隣地購入で、土地も歪んだ台形から三角形になり、使い勝手がよくなった。

失地回復の軌跡
☆キムタク崩れ造園投入
この直後に、決戦に備えて温存していた、キムタク崩れ造園を投入。
ダンプ四杯の土と、ダンプ二杯の砕石を投入。
まだ高校生だった甥のネオモリタと、レクサスの車内から、ホイールローダーを手足のように操る、華麗なるキムタク崩れ造園の、オペレーションを眺めていた。

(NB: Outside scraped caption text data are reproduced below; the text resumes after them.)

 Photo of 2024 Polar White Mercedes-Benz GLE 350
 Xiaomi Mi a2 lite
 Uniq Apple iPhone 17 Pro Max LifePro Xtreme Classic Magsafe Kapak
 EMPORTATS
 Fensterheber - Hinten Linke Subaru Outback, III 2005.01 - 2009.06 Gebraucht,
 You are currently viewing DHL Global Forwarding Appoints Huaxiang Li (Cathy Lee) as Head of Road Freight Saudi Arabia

土地がフラットになり、砕石を敷いた土地は、龍安寺の石庭のような、美しい姿になった。
☆塗装会社
この直後に、塗装会社から入居の打診アリ。
塗料貯蔵用倉庫を設置したいといふ。
市街化調整区域ですよといふと、それがいいといふ。
訊けば、今まで住宅地に保管していたが、近隣住民から、臭いとか、燃えるとか、弾圧とイヤガラセを受けていたそうだ。

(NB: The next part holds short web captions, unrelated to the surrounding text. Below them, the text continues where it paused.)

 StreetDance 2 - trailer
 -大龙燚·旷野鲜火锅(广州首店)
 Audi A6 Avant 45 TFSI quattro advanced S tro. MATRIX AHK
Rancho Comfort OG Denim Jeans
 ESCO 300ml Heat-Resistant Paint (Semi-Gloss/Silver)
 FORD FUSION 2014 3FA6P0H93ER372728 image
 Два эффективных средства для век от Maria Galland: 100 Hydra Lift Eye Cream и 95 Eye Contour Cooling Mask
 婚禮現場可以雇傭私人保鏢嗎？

その土地が高値で売却されることになり、次の土地を探していたそうだ。
左側の百坪を貸すことになった。
☆夜逃げ
直後に、右側の土地も、大学生の運営する、中古車販売業者に貸すことになった。
ジモティ経由の応募だ。
話を訊くと、学校に通いながら、中古車販売業を営む、立派な青年だった。
ただ、面接の時に、そわそわしているのが気になった。
数か月後、家賃の滞納が始まり、連絡が取れなくなった。
結局、夜逃げだ。
そわそわは、夜逃げの仕草だったのだ。
安定のジモティ・クォリティだ。
保証人である若いGFに連絡を取り、とにかく残置物だけは、早急に撤収してクダサイと伝えた。
しばらくすると、荷物がなくなっていた。
更地は、入りやすく出やすい。
その後も二人、ジモティ経由で、若い入居者が決まったが、各一ヵ月で卒業。
なかなか定着しなかった。
☆根性モータース( 仮名 )
苦悩していた今年の三月上旬。
再び、ジモティ経由で打診アリ。
文章も丁寧だった。
現在のジモティは電話番号記入禁止だ。
暗号で電話番号を伝えると、登録している名前で着信アリ。
昨年秋に、半グレモータースに貸していた土地で会っている。
廃車買い取り業者だ。
二十分後に、事務所で会う。
坊主頭にヒゲ。
体格もよく、見た目は893風味だ。
しかし、礼儀正しく、美しい日本語を話す。
なにか共通点を感じた。
一時間位、事務所で会話が弾む。
なかなか、根性のアル人だった。
空いている住宅地二つを紹介したが、前面道路の幅と、面積で転進。
三物件目の国道沿い更地を紹介すると、若干の指値が入ったが、とても気に入ってくれた。
翌日、着信アリ。
マネー成立、by吉田B作だ。
訊けば、二年以内に国道沿いに出店するのが夢だったようだ。
二年前倒しで、夢が叶った。
明るくて楽しい人なので、ワタクシも嬉しい。
☆まとめ
ひとつの土地を必要な面積を尋ね、うまく分割して、三社に貸した。
発見から十三年。購入から十年。
ようやく、安定した。
奥に向かって沈んだ土地で、草木がボーボー生えていた。
おまけに、朽ち果てた犬小屋も放置プレイ。
ただ、国道に面した土地で、中央分離帯も割れていて、対向車線からも入ることができた。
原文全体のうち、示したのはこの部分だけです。